Guide and assistance dogs. Guide and assistance dogs are welcome to all areas except the house, Stables Café and bird garden, although guide and assistance dogs are welcome in the house. Dogs need to be kept on leads in the gardens and courtyard but are free to roam around the rest of the grounds if kept under control. Water and bowls are available in the courtyard.
The House. A proportion of the house is fully accessible. There is a lift in the house and almost all visitor areas, including the Fashion Galleries, are now fully accessible. Due to the historic nature of the house and its displays, larger motorised wheelchairs and scooters cannot navigate the visitor route, so these aids are not permitted. Light wheelchairs are available to borrow for use in the house.
Some rooms on the first floor are accessed by a chair lift. The School Room, used by pre-booked groups, is inaccessible to wheelchair users but alternatives are offered. Please discuss any access needs with the Learning and Access Officer when booking your visit. There is seating around the house including folding seats, which are available for visitors to use. Some areas within the House are touch and handling friendly, particularly the Servants Rooms on the ground floor.
Grounds and Wildlife World. The majority of the grounds, gardens and Wildlife World are fully accessible with total visibility from various viewpoints. Due to its historic design, the Edwardian Garden is not fully accessible to wheelchair users, but can be viewed from vantage points. Manual and push wheelchairs may struggle on some of the gravel areas.
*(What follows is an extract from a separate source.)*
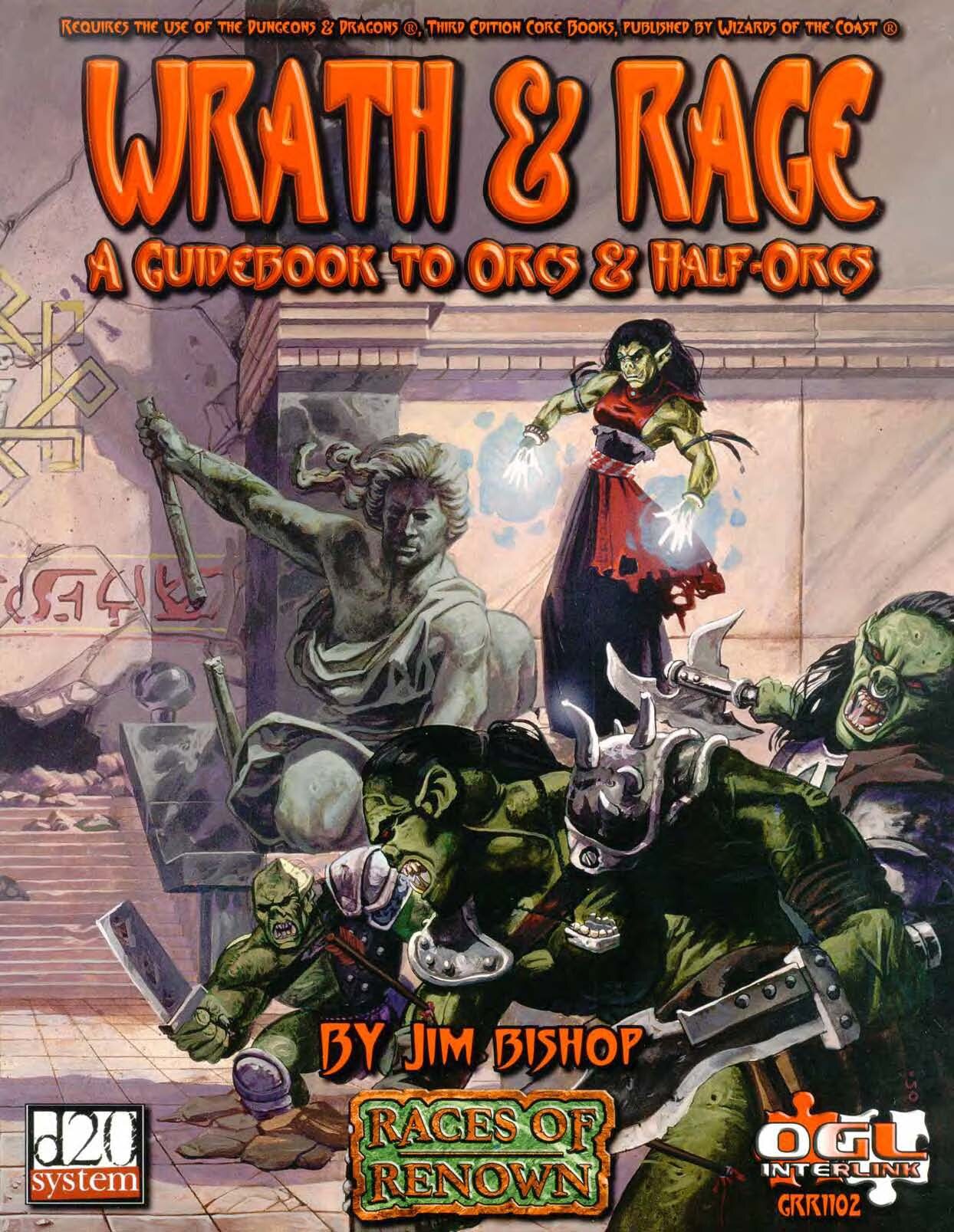 Wrath & Rage. A Guidebook To Orcs And Half-Orcs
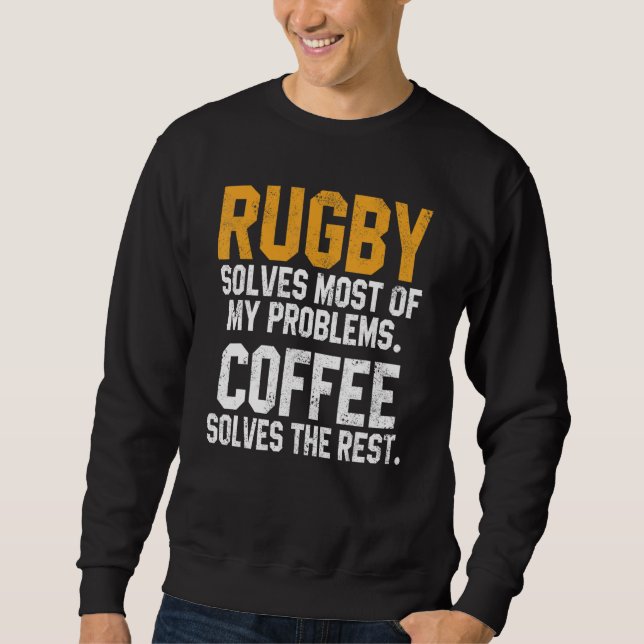 Sudadera Rugby Solves My Problems Coffee  Coach Player Mom  (Anverso)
Wildlife World is fully accessible but some pathways are fairly steep and gravelled in parts. The courtyard and Stables Café are fully accessible. Electric wheelchairs must be left outside of the café, shop and stables.
One manual wheelchair is are available from reception to use within the house. Unfortunately they cannot provide assistance to get around the house for wheelchair users. Another manual wheelchair is available from the Stables Café which can be used in the grounds. Three mobility scooters are available from the welcome cabin to use on the estate which can be booked in advance. Please email them in advance of your visit if you would like to discuss specific access needs.
Hearing impaired and deaf visitors. There are no induction loops at Lotherton.
Lotherton estate is a member of the Visitor Attraction Quality Assurance Scheme (VAQAS). The VAQAS is a scheme which ensures high quality experiences at tourist attractions, including a commitment to respect the requirements of the Equality Act 2010 by making reasonable adjustments to improve service for disabled people.
Location : Lotherton Hall, Lotherton Lane, Aberford, Leeds LS25 3EB
Transport: Garforth (National Rail) then taxi, 4 miles. Bus Routes : 64 and 64 stop in Aberford then 20- 30 minutes walk.
Opening Times: Daily, Nov. to Feb. 10:00 to 16:00; March to Oct. 10:00 to 17:00
Tickets Park: Free.
Tickets Wildlife World + Hall: Adults £7.80; Children (5 - 15) £3.90. Carers Free.